One of the nice things about the Hugh Lane bequest – a group of paintings shared between the National Gallery and what is now known as the Hugh Lane Gallery in Dublin – is that it offers the chance to reassess the pictures with a fresh eye when they switch between the two venues.
One is Manet’s Eva Gonzalès, which is the focus of this latest show at the National in London. Right at the start we see a group portrait called Homage to Manet, featuring the patrician figure of Lane himself and other Irish notables by William Orpen. And what’s the enormous painting behind them? Manet’s portrait of Gonzalès, that’s what, which Lane purchased in 1906 for the Irish gallery of modern art he was planning.
From the copy within another work, we arrive at the painting itself: Manet’s portrait of his only pupil, painting at her easel, in a nice white frock. When he exhibited it at the Paris salon of 1870, it got a pasting from the critics, who took issue with the sitter’s “dazed, fixed expression”, her “stupefied eyes and nose like a parrot’s beak”.
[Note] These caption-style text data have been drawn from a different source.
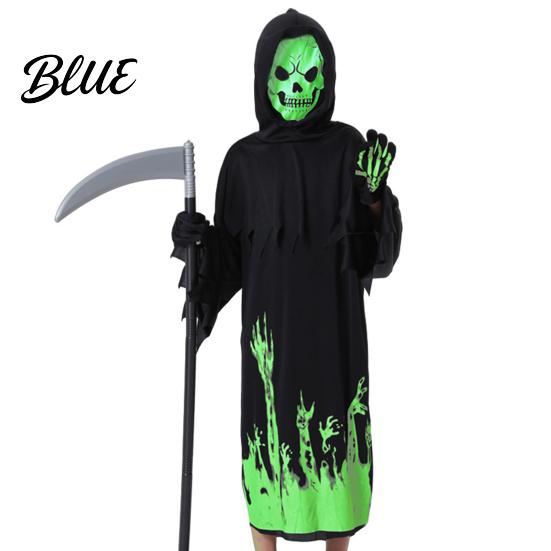 Costume For Special Events Halloween Grim Reaper for Kids Glow-in-the-Dark Cosplay Eye-catching Party Wear Outfit with Scythe Parties Dress-Up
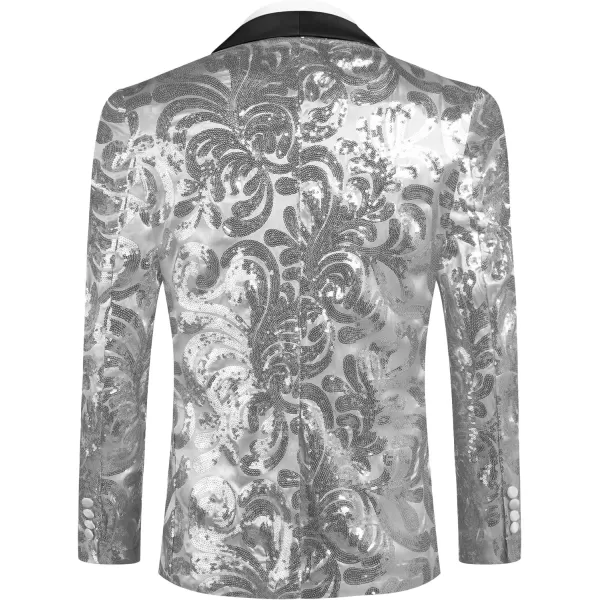 COOFANDY Men's Shiny Sequins Blazer Floral Suit Jacket Stylish Tuxedo for Party, Wedding, Banquet, Prom
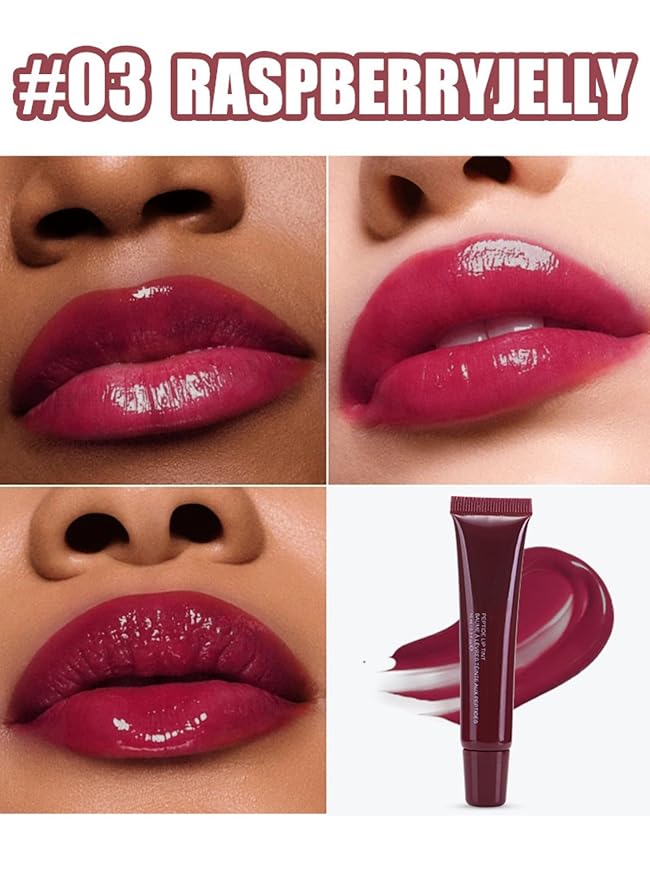 MAEPEOR Lip Glowy Balm 5 Colors Plumping Hydrating Lip Butter Balm and Nourishing Lip Care Lip Treatment Glossy Finish Non-sticky Tinted Lip Balm (03 Raspberry Jelly）
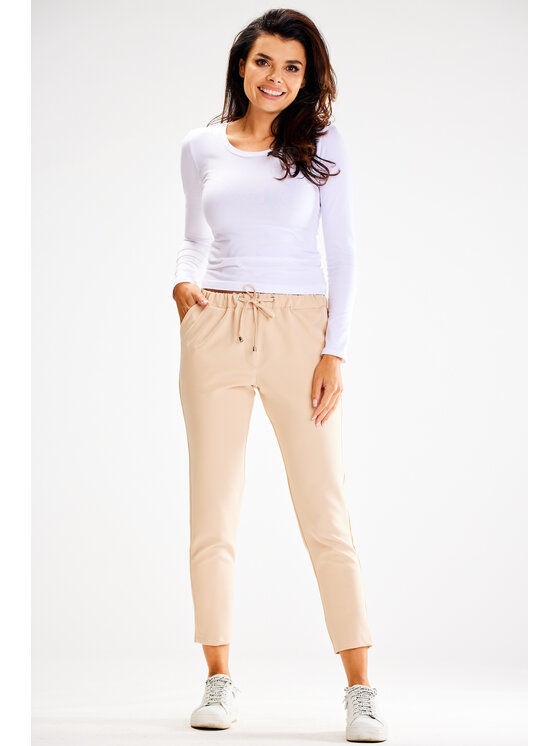 Awama Awama Pantaloni da donna A600 Beige Basic Fit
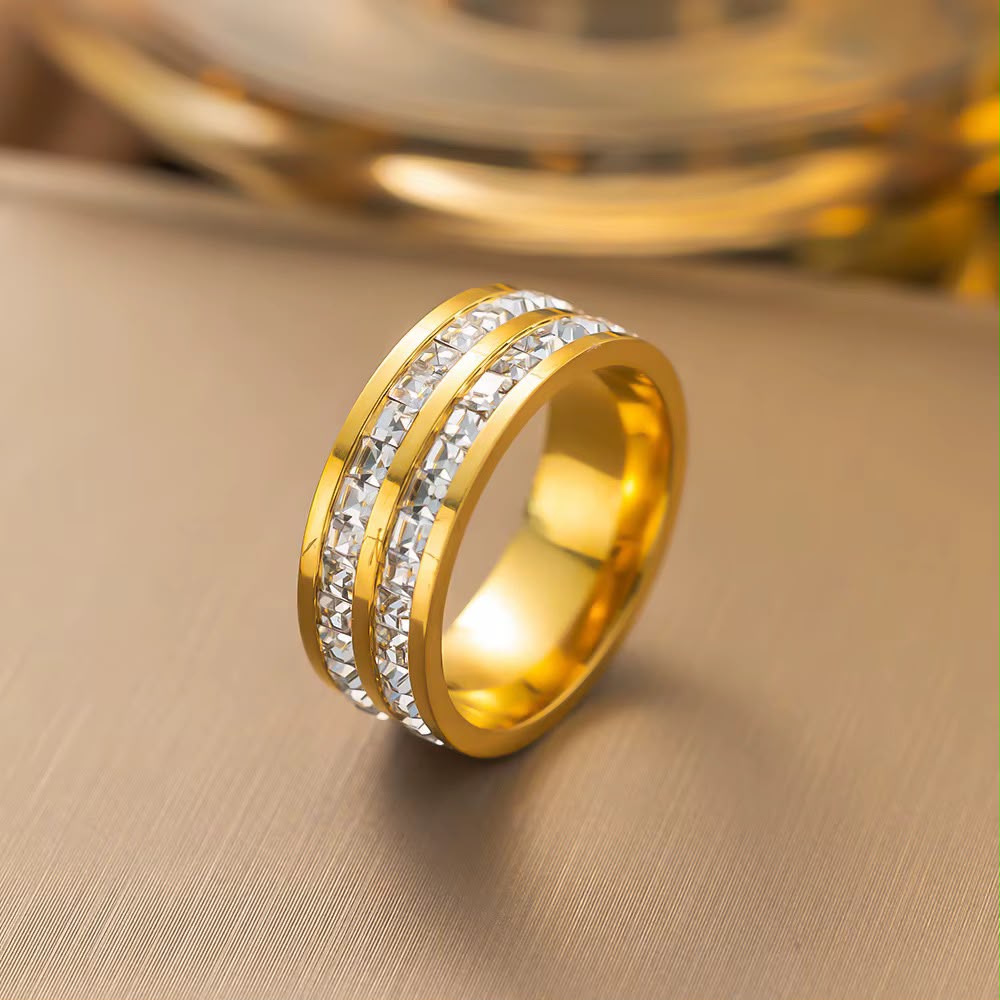 Satinless Steel white cubic zirconia Ring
You couldn’t get away with that nowadays. The critics had a point though. The nose is singular (Manet apparently tried 25 times to get it right), the expression fixed and abstracted and the pose peculiar. Gonzalès is sitting a little too far away from her canvas, even allowing for the rod supporting her wrist, a position inconvenient for painting but excellent for showing off her shapely white arm. As for her frock, it’s impractical but striking, as ghostly as her skin and is nicely echoed by the beautiful white peony on the floor, resting on a floral carpet.
The lady herself is painting a still life of flowers, which the gallery has identified as a copy of Jean-Baptiste Monnoyer’s Blue Vase. It’s a curious portrait, but wonderfully striking.
So, is this an occasion for feminists to get on their high horse and complain that – as we find asserted here – flowers, like copying itself, were back then a nice suitable subject for women, bless them?
Well, it’s difficult to see how to maintain that approach, given that Manet was famous for his flower pictures, and in the 17th century floral painting was very much a man’s game, though perhaps another way to think about it is that, though flowers were for everyone, grand (prestigious, and lucrative) history paintings were considered inappropriate for ladies.
And what about that impractical frock? The second part of this exhibition discusses the place of women in the art world of the time and the tradition of self-portraiture by women artists. And, put in context, it seems that depicting a woman artist in an expensive dress was a way to establish her standing.
Cue then for the series here of brilliant self-portraits by women artists, including a copy of the exquisite self-portrait by Elizabeth Vigée Le Brun, who may have been enchantingly pretty, but was also a member of the French and Roman Academies, thank you. There are other greats too: Angelica Kauffman, also in white, and Romney’s respectful portrait of Mary Moser, the other, less well-known female founder member of the Royal Academy.
The later depictions of female artists include some terrific pieces too: Gwen John’s feisty self-portrait and a lovely picture by Albert Stevens of an artist in a fetching, practical smock.
At the close, we get some of Gonzalès’s own paintings, including a striking depiction of a man and a woman in a theatre box, a work that bears comparison with any of the Impressionists. Amusingly, her pictures were applauded at the Salon by the critics, unlike Manet’s portrait.